My question is: How would I actually approach an INFP best, if I were to start an actual relationship?
My ISTP-instinct would be to blurt out something like "I've decided to like you really really much, wanna be my girlfriend?"
But that seems to be about as romantic as an old can of coke and propably way too blunt. How do I do that best, ideally without fully ruining everything if it shouldn't work out?
Do I write a love letter?
Do I just, like, go in for a kiss in the hopefully right Moment?
So many questions :frustrating:
 
Troll the INFP forums.
Something like, " I have become fond of you, enjoy spending time with you and would like a. us to officially start a relationship and see where it goes or b. you to be my girlfriend ."
 
...identical post, oops.
 
Oh how my little INFP heart flutters xD Like @GentleLions suggested, stalking about the INFP forums might help quite a bit. Look under threads that discuss "perfect dates" or "INFP romantic relationships."
From what it sounds like, you're pretty well off in the romance department. Ice skating? :hearts:. I'm not so sure that you need help haha
Well, if she's been hanging out with you, it's probably because she likes your ISTPness. So my first piece of advice would be, just keep being you!
"I've decided to like you really really much, wanna be my girlfriend?"
hahah the "I've decided to like you" cracks me up. Absolutely adorable, who decides to like someone? xD

My question is: How would I actually approach an INFP best, if I were to start an actual relationship?
I would have to know a little bit more about her to be sure and a bit more about the dynamics of your friendship. Do you guys already have a "thing"? Unless you're pretty sure she's going to say yes, writing a love letter might not be the best option..just because then she'll just awkwardly have it forever. That might be a thing you do once yall are together. But then again, you've already written her letters? How has that worked out?

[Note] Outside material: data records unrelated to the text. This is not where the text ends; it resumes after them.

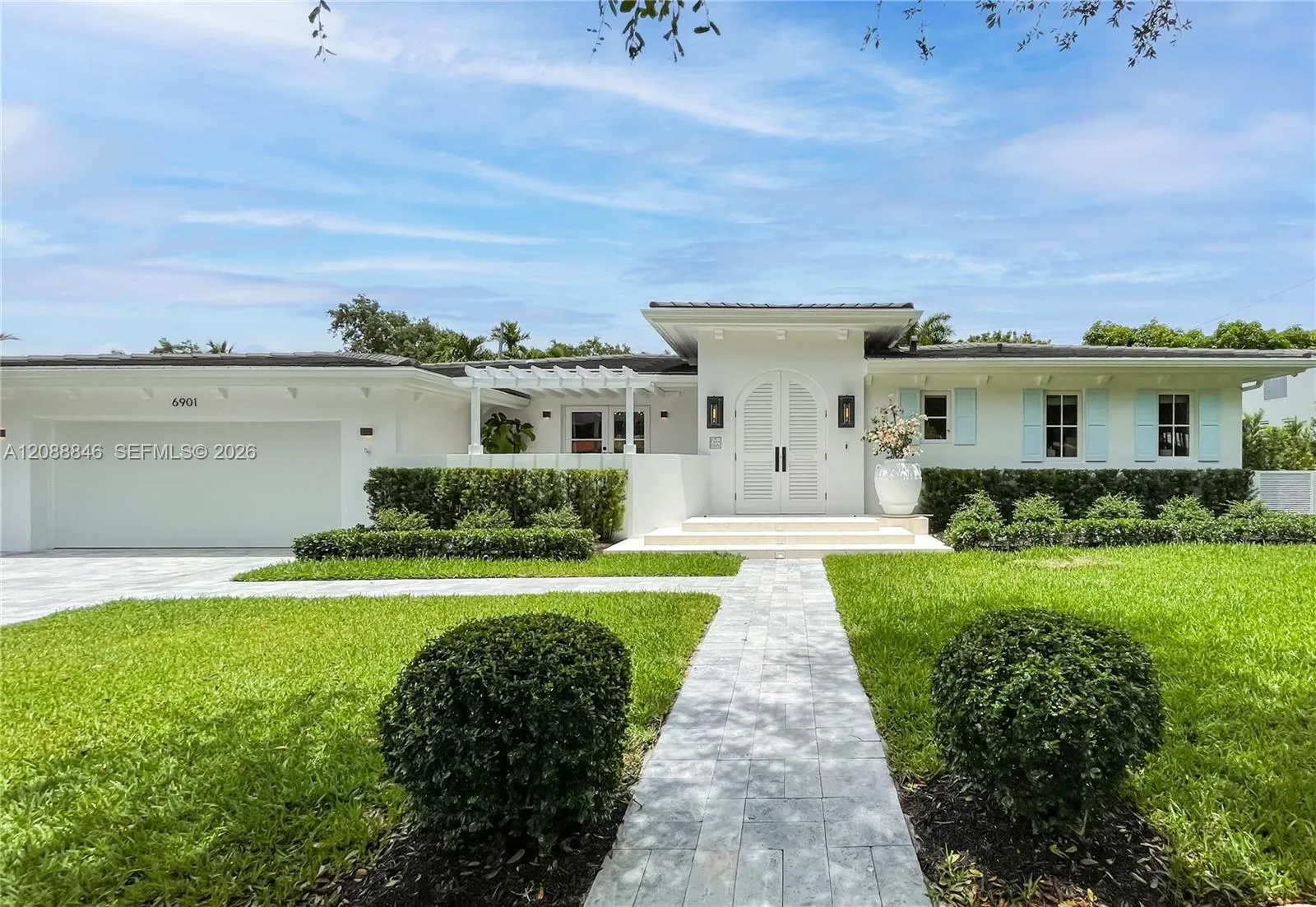 Foto de propiedad en 6901 Almansa Street 0, Coral Gables, FL 33146 Coral Gables con MLS# 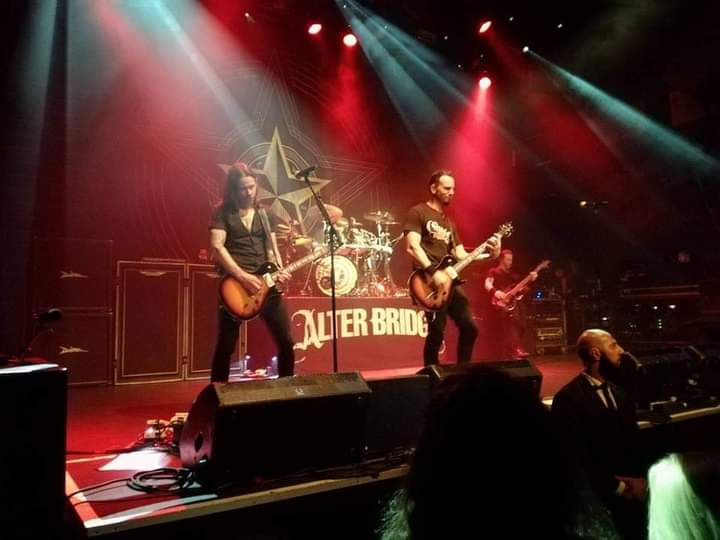 brazil_myles's tweet photo. #AlterBridge
#MarkTremonti
#MylesKennedy
#ScottPhilips
#BrianMarshal
At Zurich, Suica,
@alterbridge
@MylesKennedy
@MarkTremonti
@Scott_Phillips
@BrianMarshal
🥁🎻🎸🎵💯🎶
📸Credit owner https://t.co/vnNl3yLNgH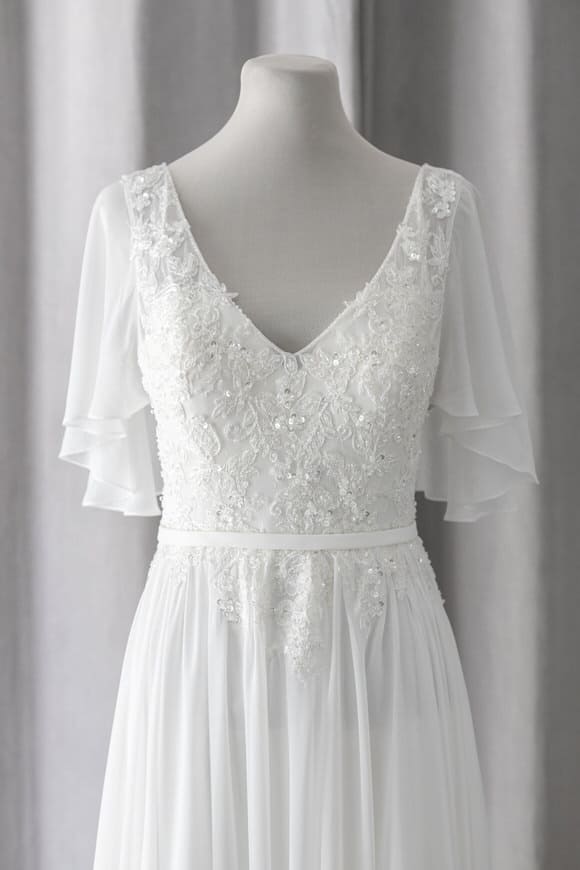 Ivory & White Bridal lace chiffon flutter sleeves a-line wedding dress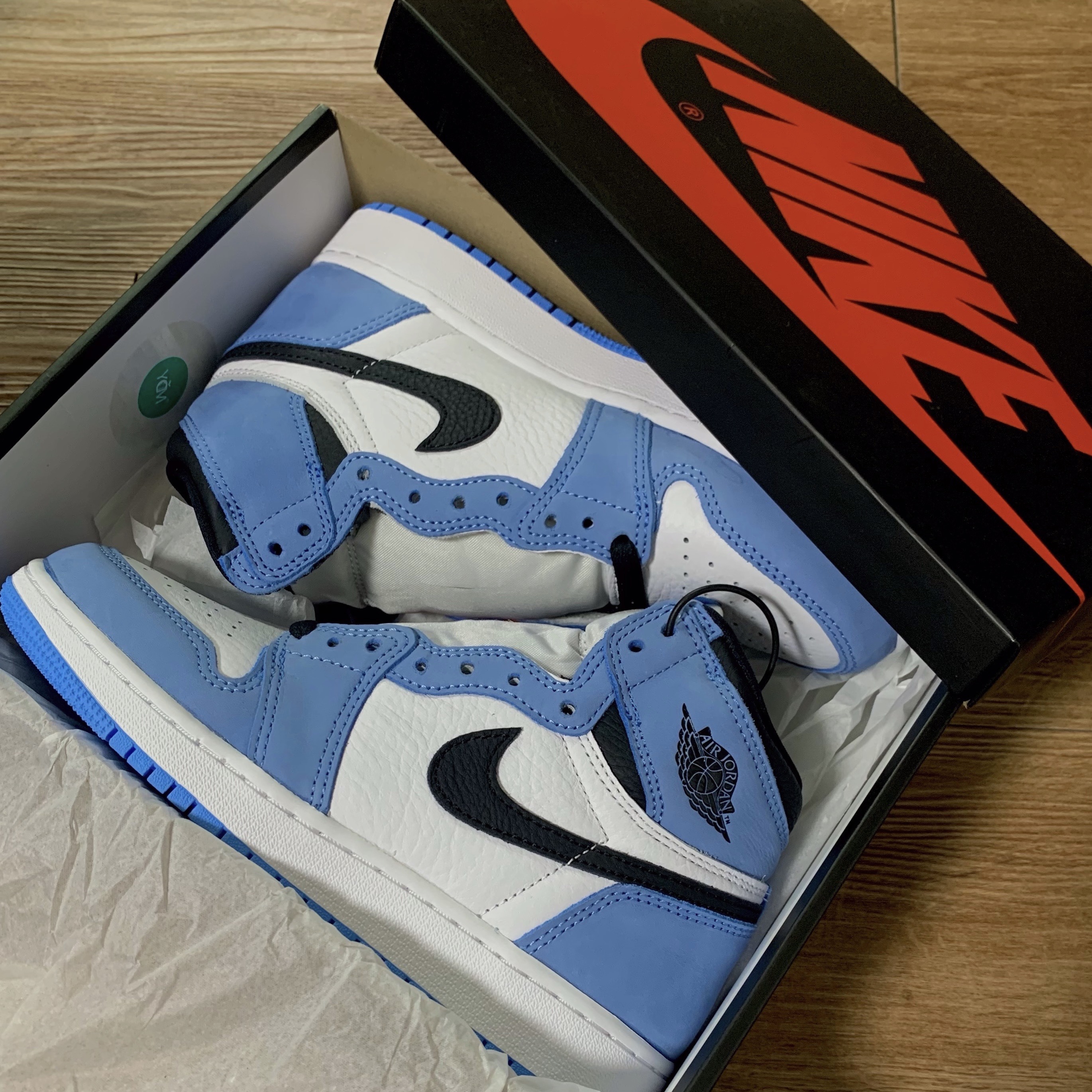 (GS) Jordan 1 Retro High OG University Blue 착용 스타일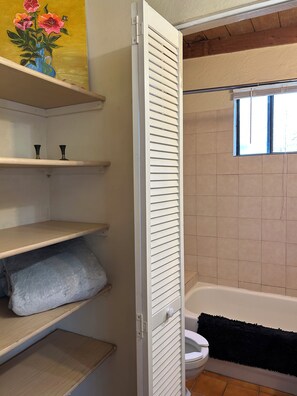 風筒、提供毛巾、番梘、洗頭水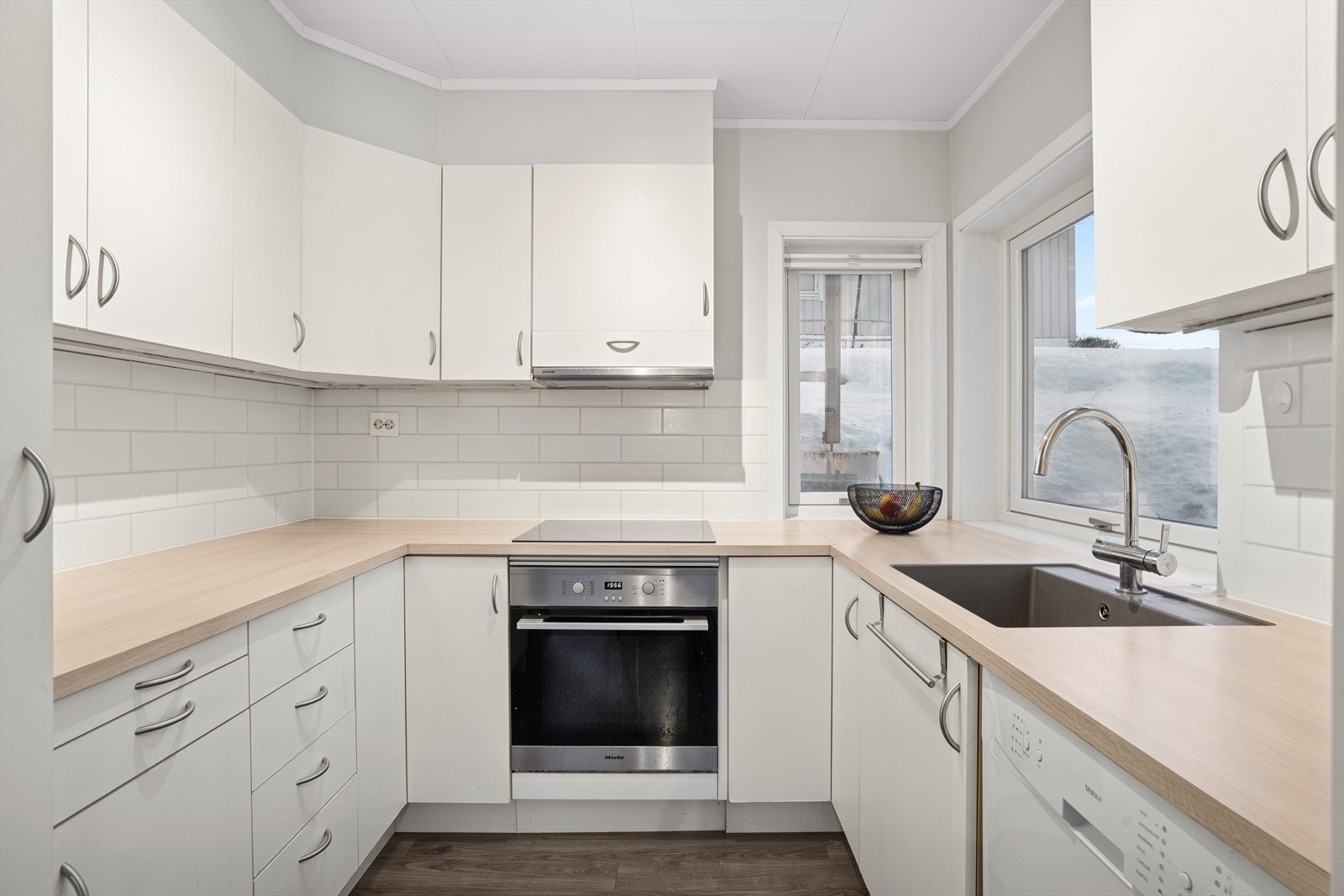 Kjøkken er ustyrt med stekeovn, platetopp, oppvaskmaskin, kjøle-/fryseskap og mikrobølgeovn Galleribilde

Walks are nice. I would try something romantic but casual like inviting her to stroll around a park or something and at some point put your arm around her. Her body language/reaction will give you a pretty good feel for for how she would react to you actually asking her out. If you're not confident enough to do that, then you could even go for something more subtle like bumping against her gently after one of you has said something humorous and see if she "bumps back". If she does, I would go ahead for the arm around the shoulders as you guys walk :) Either/both of those things aren't going to harm the friendship if it "doesn't work out" because they're pretty safe, but they're cute enough to give her butterflies.
As for the actual asking part, I can't help you there man. Just ask? heh

Oh, if you're not already, flirt.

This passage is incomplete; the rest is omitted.